Effective Field Theory Amplitudes the On-Shell Way: Scalar and Vector Couplings to Gluons

TL;DR

This paper employs on-shell methods to compute tree-level EFT amplitudes involving scalars and vectors coupled to gluons, avoiding explicit operator references and revealing the structure of EFT operators through kinematic polynomials.

Contribution

It introduces an on-shell approach to calculate EFT amplitudes directly, linking the number of operators to polynomial structures in Mandelstam invariants without referencing specific operators.

Findings

Calculated key amplitudes relevant for LHC processes

Derived massless-$Z'$ amplitudes from massive ones

Showed decomposition of massive amplitudes into massless components

Abstract

We use on-shell methods to calculate tree-level effective field theory (EFT) amplitudes, with no reference to the EFT operators.
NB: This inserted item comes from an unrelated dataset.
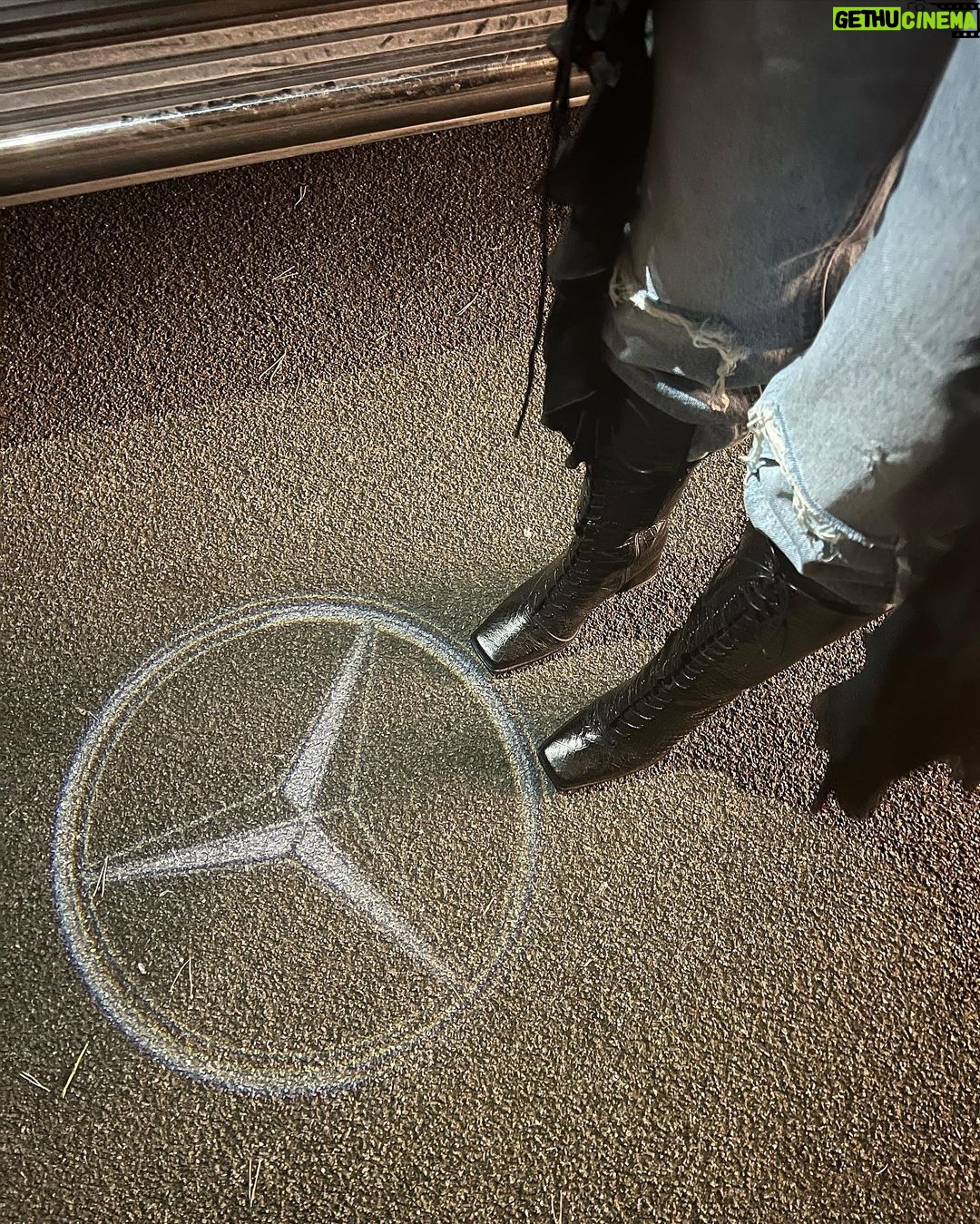 Mélanie Da Cruz Instagram - AMG ✨ Manchester, United Kingdom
Lorentz symmetry, unitarity and Bose statistics determine the allowed kinematical structures. As a by-product, the number of independent EFT operators simply follows from the set of polynomials in the Mandelstam invariants, subject to kinematical constraints. We demonstrate this approach by calculating several amplitudes with a massive, SM-singlet, scalar ($h$) or vector ($Z^\prime$) particle coupled to gluons. Specifically, we calculate $hggg$, $hhgg$ and $Z^\prime ggg$ amplitudes, which are relevant for the LHC production and three-gluon decays of the massive particle. We then use the results to derive the massless-$Z^\prime$ amplitudes, and show how the massive amplitudes decompose into the massless-vector plus scalar amplitudes. Amplitudes with the gluons replaced by photons are straightforwardly obtained from the above.